Some GSD's ears don't stand up erect at all. My GSD's ears didnt stand up erect until she was 11 months old.

It is also possible that the cartilage in her ears have been damaged in some way.... there fore resulting in them being floppy.

Also some pet line GSD's faces can look very collie like...

What age is she? she looks quite young.


----------



## Cleo38 (Jan 22, 2010)

She is absolutley gorgeous!!!


----------



## penn (Jul 21, 2010)

She looks GSD for me too. The face and the overall look.

But she's a cutie pie, very sweet 

She got a GSD puppy ear. May be it's something to do with the toys as you said


----------



## FionaS (Jul 2, 2011)

GSDlover4ever said:


> she looks like a full GSD to me and from the pictures she looks like a sable.
> Is her undercoat a different colour to the outer hairs?
> 
> Some GSD's ears don't stand up erect at all. My GSD's ears didnt stand up erect until she was 11 months old.
> ...


She is 15 months old now. She was 11 months when we got her, she didn't even know how to chase a ball!


----------



## Cleo38 (Jan 22, 2010)

FionaS said:


> She is 15 months old now. She was 11 months when we got her, she didn't even know how to chase a ball!
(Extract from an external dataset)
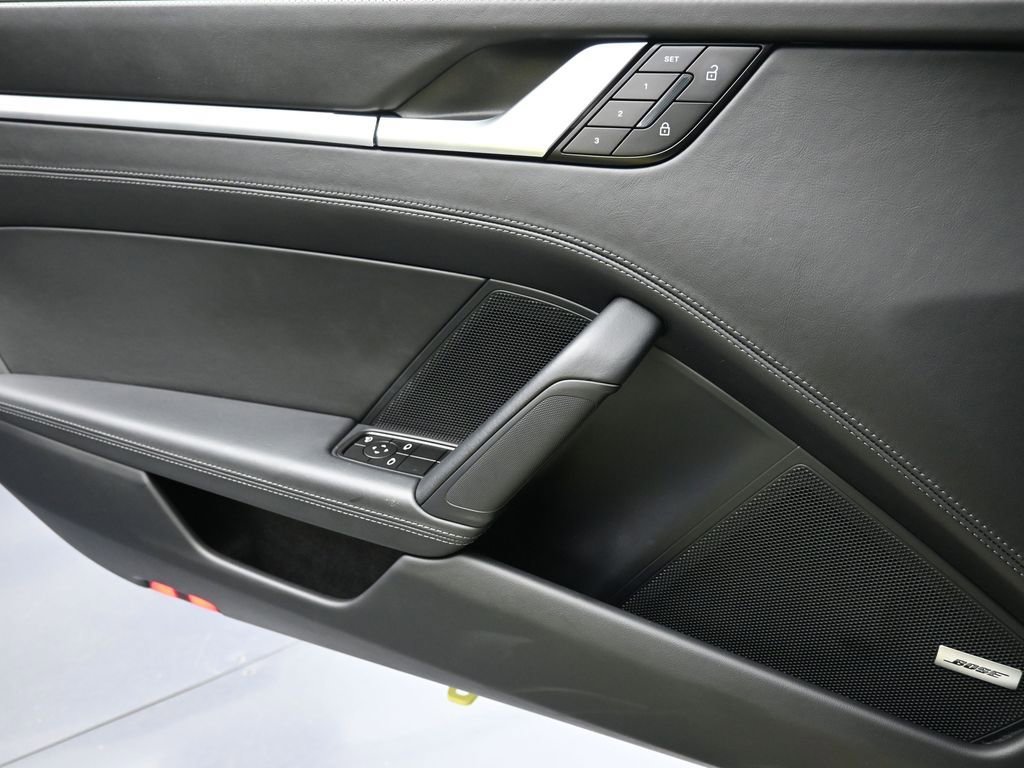 Certified 2025 Porsche 911 Carrera image 25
Roxy (GSD) didn't know how to play when she first came to live with us (she's just over 2 yrs & had 4 previous owners  ). She also didn't know about chasing ballls, playing tug, etc

What a difference now though! She is so playful, she has so many toys & loves them all. Toby (my other dog) loves his tennis balls & quacking toy duck but Roxy playes with EVERYTHING now, it's brillaint so see her so happy with all her things


----------